■ **ENTRIES PROVIDED**:
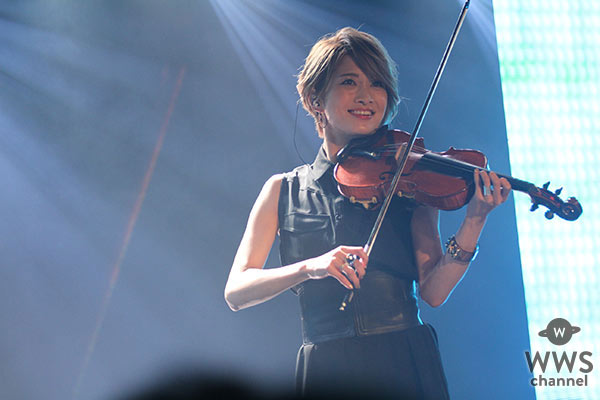 【ライブレポート】美しすぎるヴァイオリニスト・Ayasaが映像を駆使した壮大なワンマンライブ開催！「ヴァイオリンはずっと弾いていきたい」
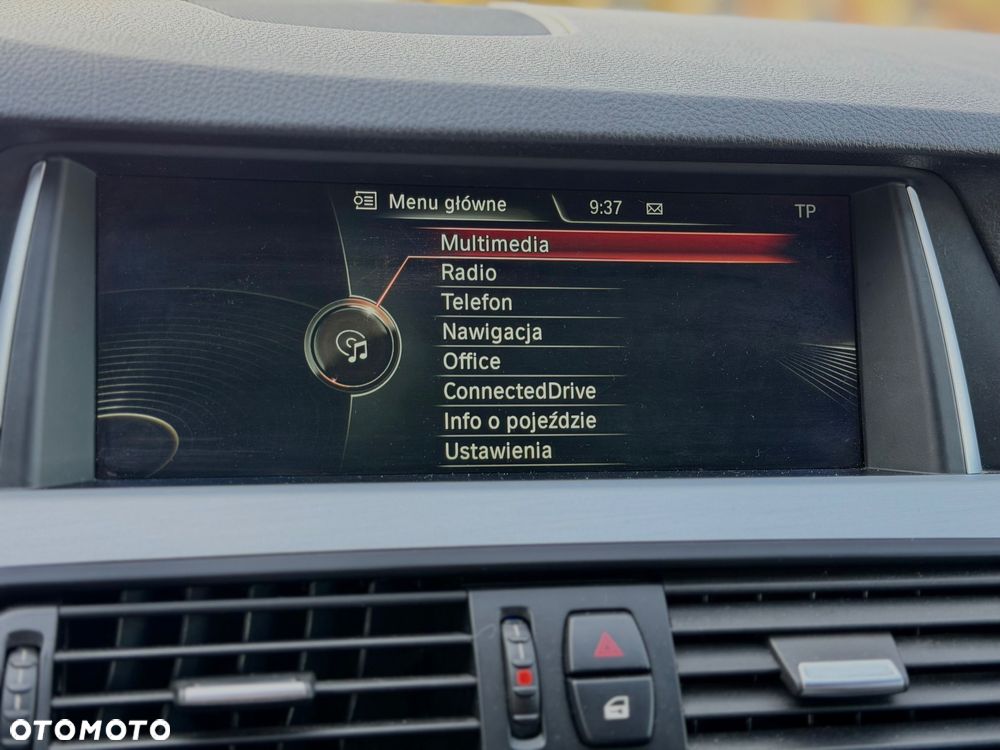 BMW Seria 5 525d xDrive - 24
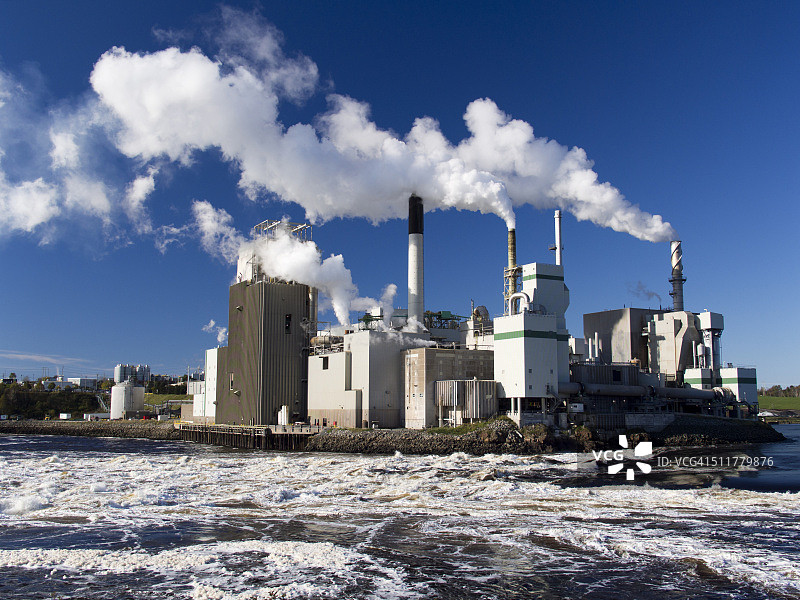 加拿大新不伦瑞克省圣约翰市的欧文纸浆厂和著名的逆流瀑布图片素材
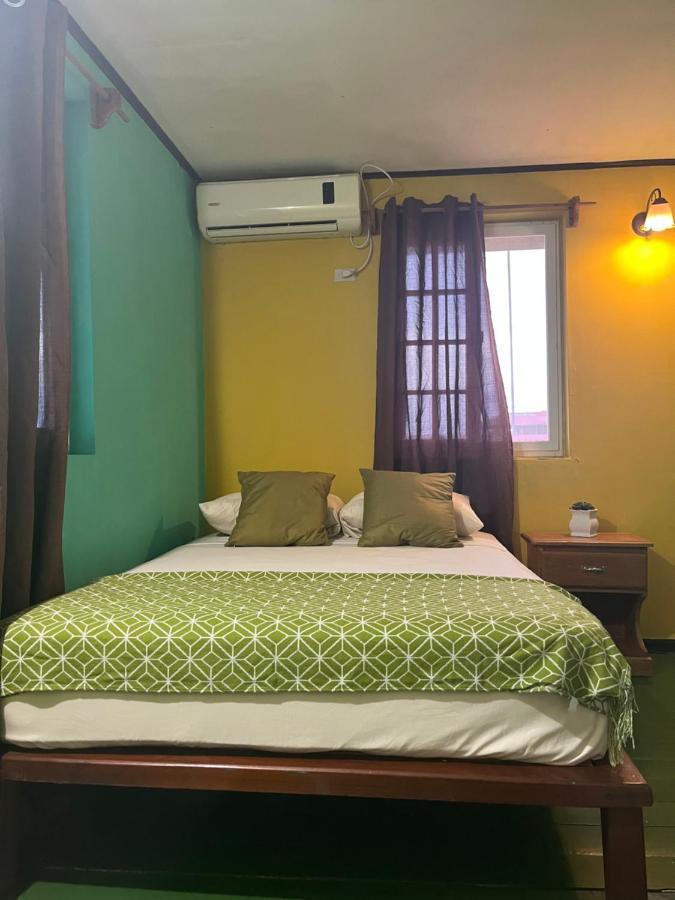 בסטימנטוס Hostal Cay מראה חיצוני תמונה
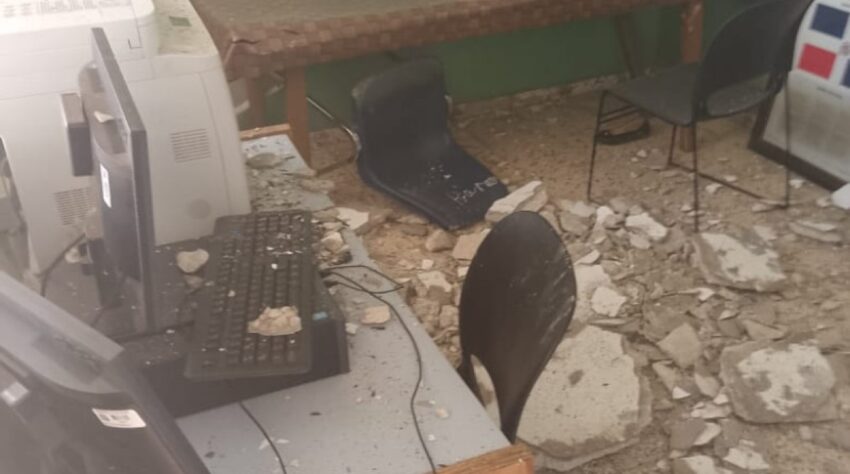 Colapso parcial del techo en la escuela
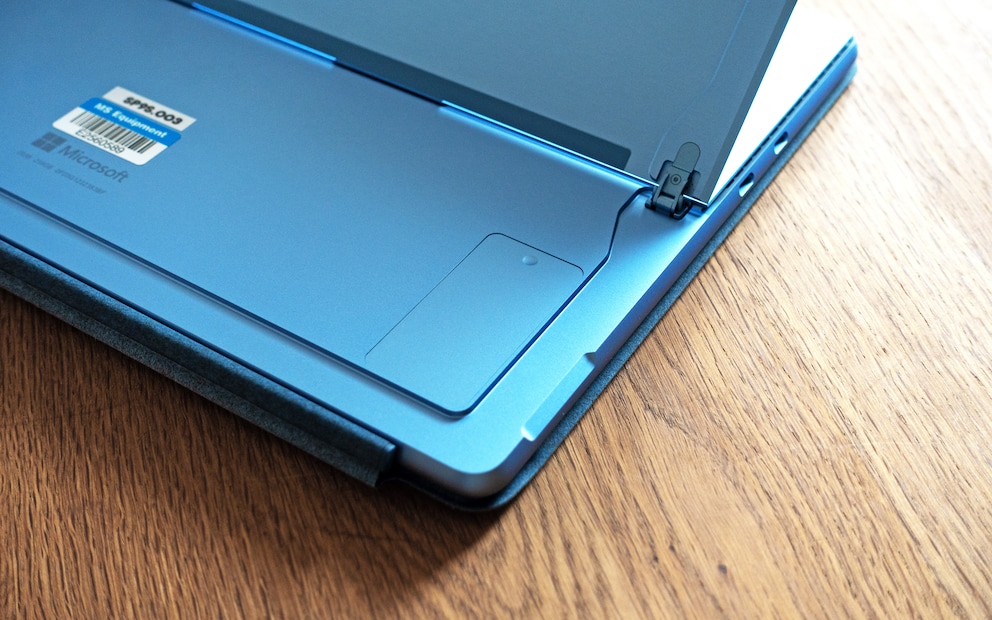 Sotto al supporto è nascosto un accesso diretto all’unità SSD.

■ **WHAT THE TASK REQUIRES**: In the records above, find the line that contains "BMW Seria 5 525d xDrive - 24". Print it and every later line exactly, omitting the pictures.

■ **EXERCISE ANSWER**:
 BMW Seria 5 525d xDrive - 24
 加拿大新不伦瑞克省圣约翰市的欧文纸浆厂和著名的逆流瀑布图片素材
 בסטימנטוס Hostal Cay מראה חיצוני תמונה
 Colapso parcial del techo en la escuela
 Sotto al supporto è nascosto un accesso diretto all’unità SSD.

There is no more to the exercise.